Then you'd have oracular bacon.


----------



## chrysophalax (Apr 4, 2002)

A new taste sensation perhaps?????


----------



## Taran (Apr 4, 2002)

NO!!!! You'll not make a piggie-sicle out of MY precious baby (not to mention goldmine!)


----------



## DGoeij (Apr 5, 2002)

> _Originally posted by Taran _
> *Oh, sorry, DGoeij!!! I keep forgetting about the spelling thing!! *



Well thank you, young pig-watcher. 
Anyway, it's just very hard to read in a different language when you also have to watch out where a sentence ends and where names are mentioned. Thanks for trying. 

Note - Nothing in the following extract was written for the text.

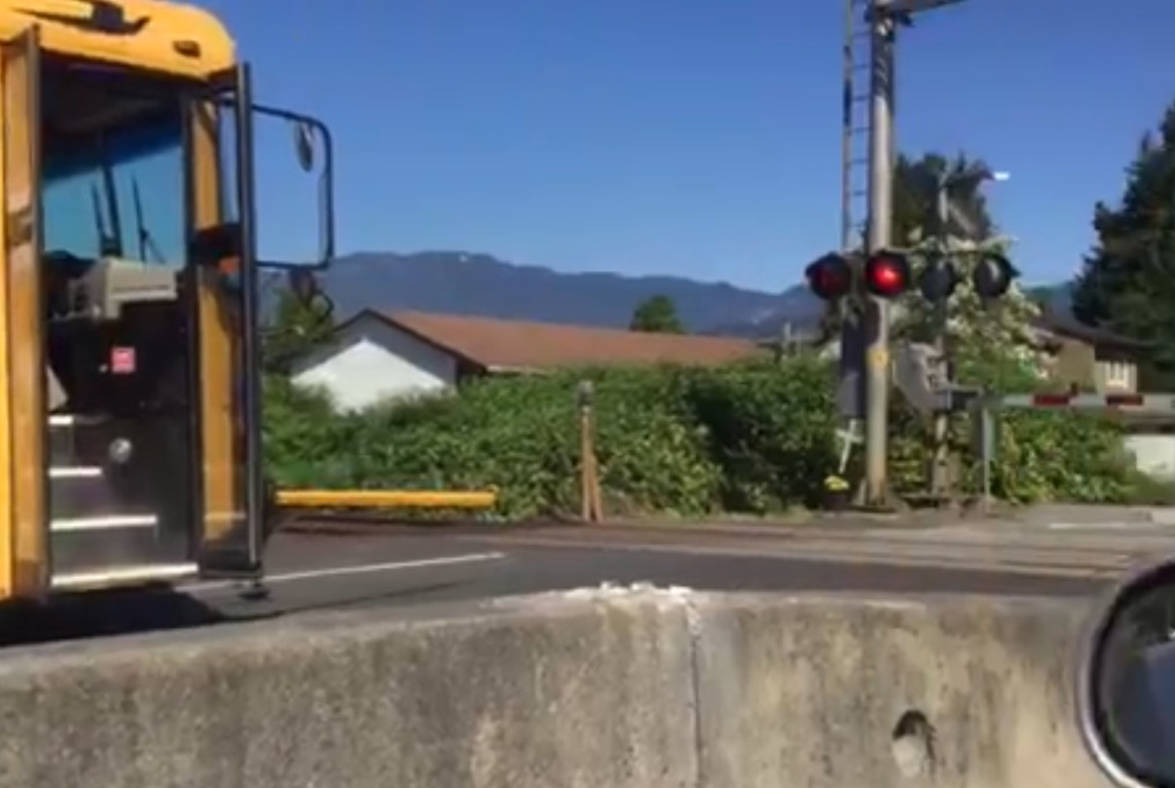 Chilliwack bus driver on wrong side of road wasn’t unsafely crossing train tracks: school district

HA, I never even said yay!....... d'oh!


----------



## chrysophalax (Apr 5, 2002)

It's alright Dgoeij, I forgive you, this time.......


----------



## Weswise (Apr 5, 2002)

Well gollum tried to kill my favortie carachter (sam) so i dont really like him but he did serve a very important pupose in the history of middle earth.


----------



## DGoeij (Apr 6, 2002)

I'm watched by a dragon, not something to feel particulary pleasant about.


----------



## chrysophalax (Apr 6, 2002)

The advantage of THAT is, if your the dragon's friend, you have no worries!


----------



## Taran (Apr 6, 2002)

well i hope i have nothing to worry about! i guess Chrys ccan fry any Gollums and Orcs that may attack...


----------



## chrysophalax (Apr 6, 2002)

No worries, Taran!


----------



## DGoeij (Apr 8, 2002)

> _Originally posted by chrysophalax _
> *No worries, Taran! *



Do you happen to refer to the adventures of a certain wizard on a certain continent?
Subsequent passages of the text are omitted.